**What the task requires:**
Write out the entire listing below exactly, with the pictures left out.
──────── Supplied data ────────
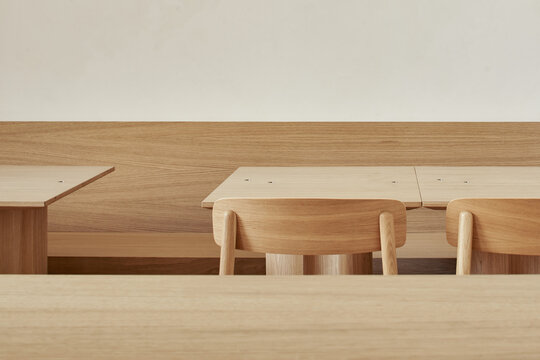 Wooden tables and chairs in restaurant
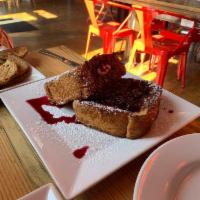 Stuffed French Toast · 2 thick brioche slices stuffed with orange scented mascarpone and berry compote.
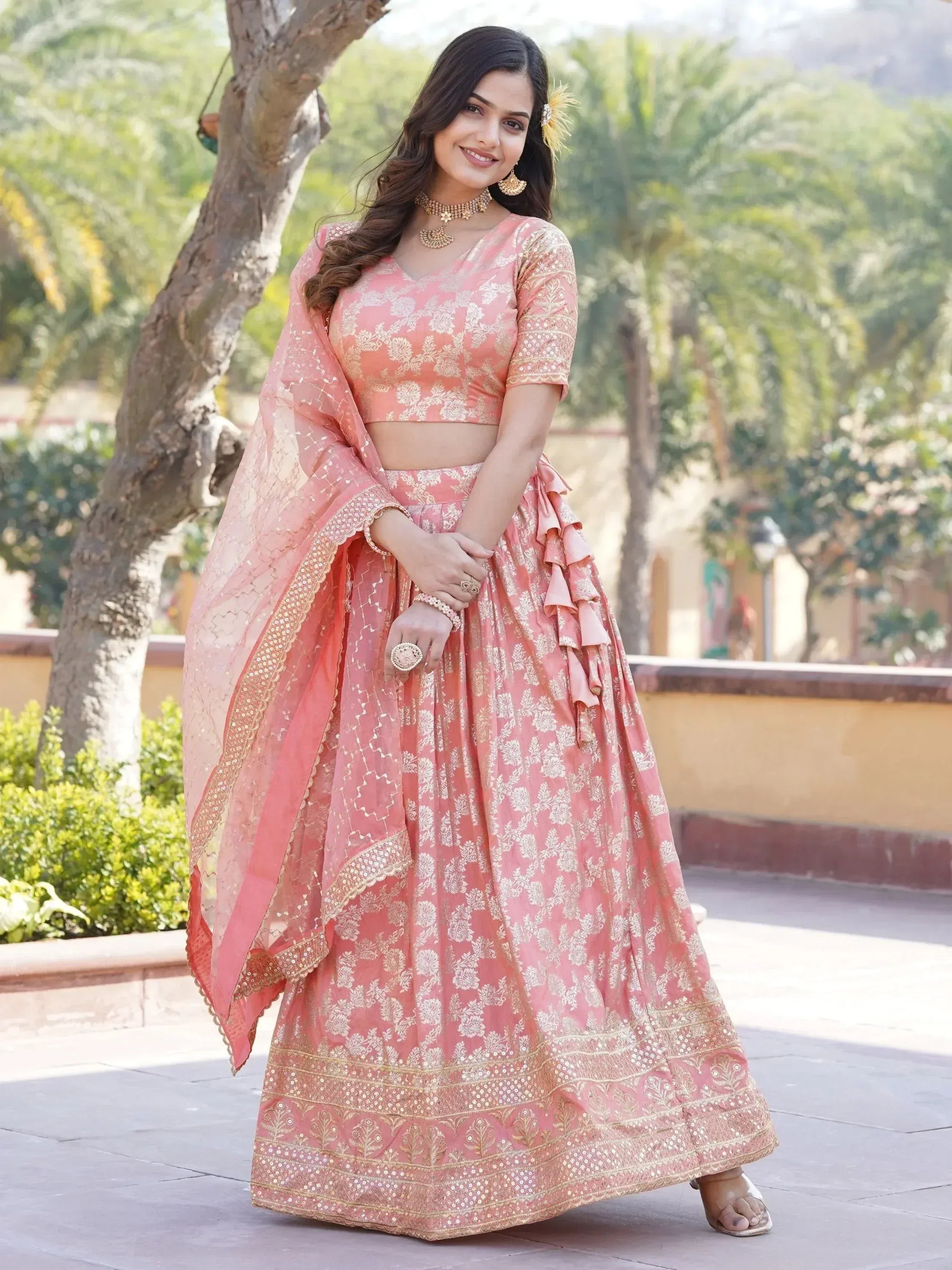 Pink floral lehenga choli with gold embroidery and ruffled skirt for Indian ethnic wear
────────
**Exercise result:**
 Wooden tables and chairs in restaurant
 Stuffed French Toast · 2 thick brioche slices stuffed with orange scented mascarpone and berry compote.
 Pink floral lehenga choli with gold embroidery and ruffled skirt for Indian ethnic wear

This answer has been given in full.